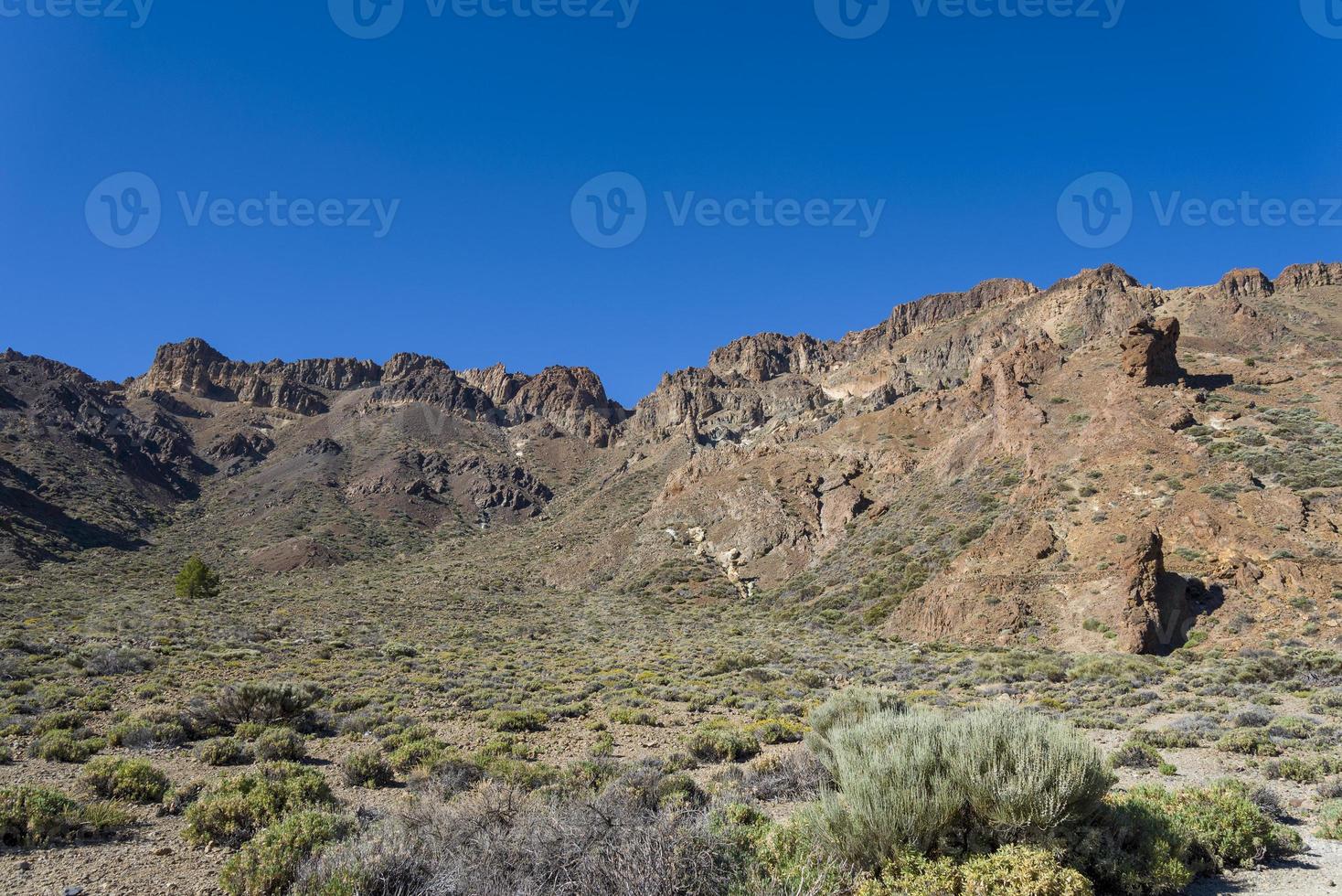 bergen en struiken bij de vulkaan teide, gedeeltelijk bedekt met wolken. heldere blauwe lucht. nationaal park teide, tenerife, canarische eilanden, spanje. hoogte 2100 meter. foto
---
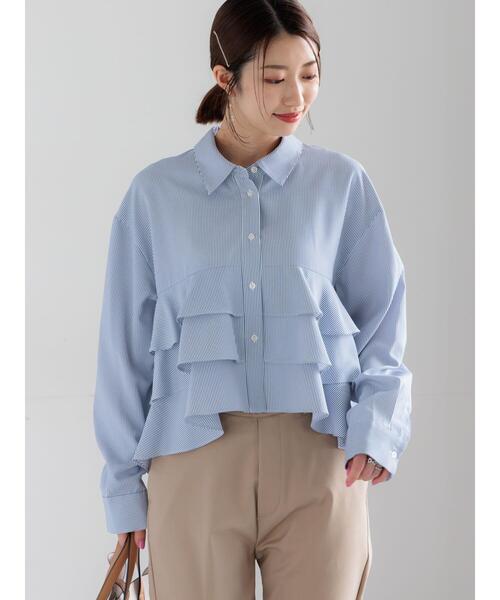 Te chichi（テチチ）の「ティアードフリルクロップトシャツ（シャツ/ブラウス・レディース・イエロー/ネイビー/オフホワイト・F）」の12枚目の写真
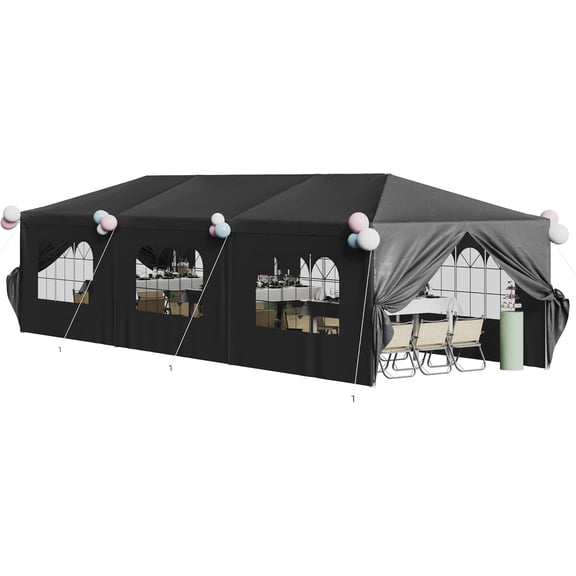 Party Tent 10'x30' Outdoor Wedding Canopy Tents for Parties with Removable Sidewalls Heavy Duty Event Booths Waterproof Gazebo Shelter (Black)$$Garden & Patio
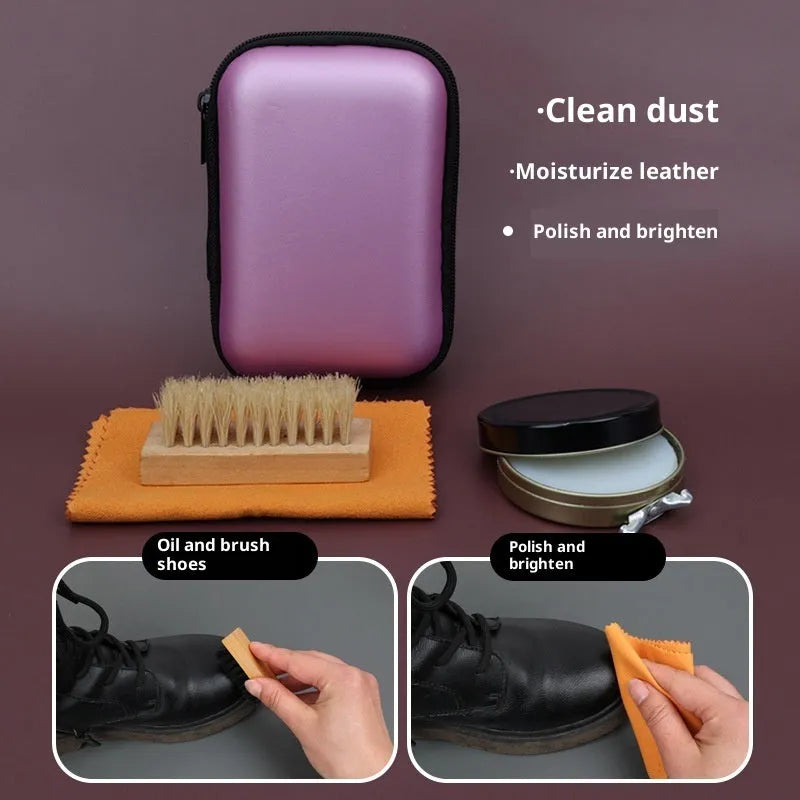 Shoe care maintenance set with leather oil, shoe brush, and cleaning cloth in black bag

• TASK DESCRIPTION:
The lines above starting at the one that holds "Te chichi（テチチ）" and ending at the one that holds "Shoe care maintenance" are to be written out exactly, ends included, and no pictures are to be copied.

• REPLY:
 Te chichi（テチチ）の「ティアードフリルクロップトシャツ（シャツ/ブラウス・レディース・イエロー/ネイビー/オフホワイト・F）」の12枚目の写真
 Party Tent 10'x30' Outdoor Wedding Canopy Tents for Parties with Removable Sidewalls Heavy Duty Event Booths Waterproof Gazebo Shelter (Black)$$Garden & Patio
 Shoe care maintenance set with leather oil, shoe brush, and cleaning cloth in black bag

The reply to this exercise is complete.